_TASK GOAL_:
Only the lines from the one with "Tocator crengi ZEP" through the final line below belong in the answer, copied exactly and without pictures.

_RECORDED DATA_:
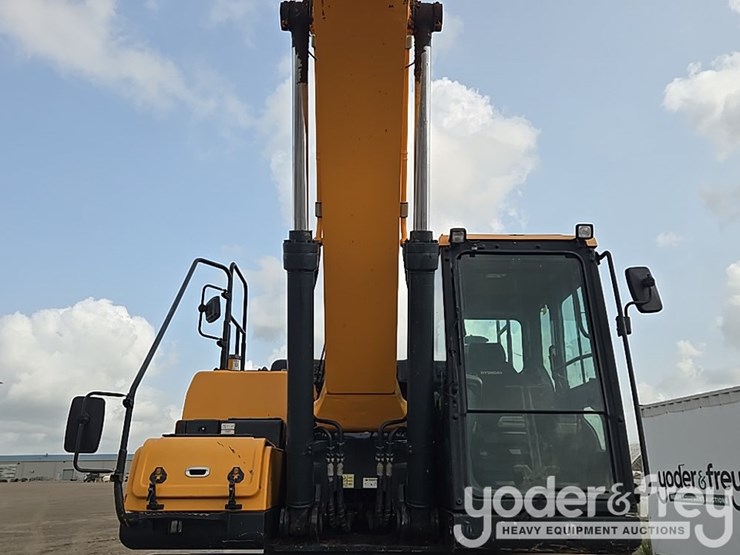 2018-hyundai-hx260l-image-25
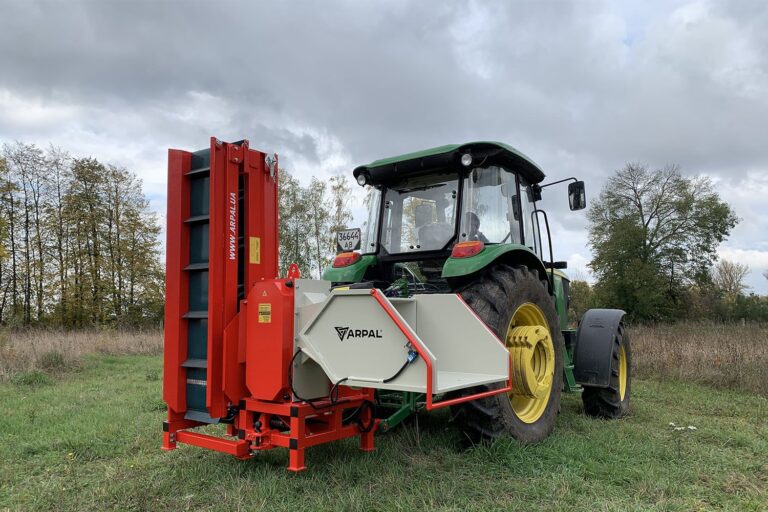 Tocator crengi ZEP AM-200 PTO-K PRO cu banda 4 m, diametru max 200 mm, 80 CP, 14 m3/h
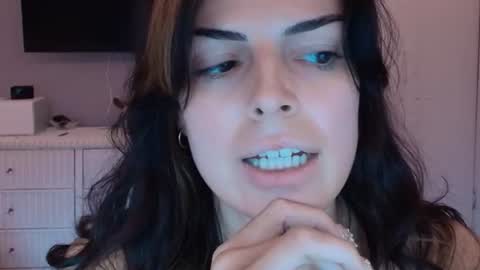 Snapshot of princesselysia99 chatting on 07-04-26, 10:38 Princess Elysia online show from 07-04-26, 10:38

_COMPLETED TASK_:
 Tocator crengi ZEP AM-200 PTO-K PRO cu banda 4 m, diametru max 200 mm, 80 CP, 14 m3/h
 Snapshot of princesselysia99 chatting on 07-04-26, 10:38 Princess Elysia online show from 07-04-26, 10:38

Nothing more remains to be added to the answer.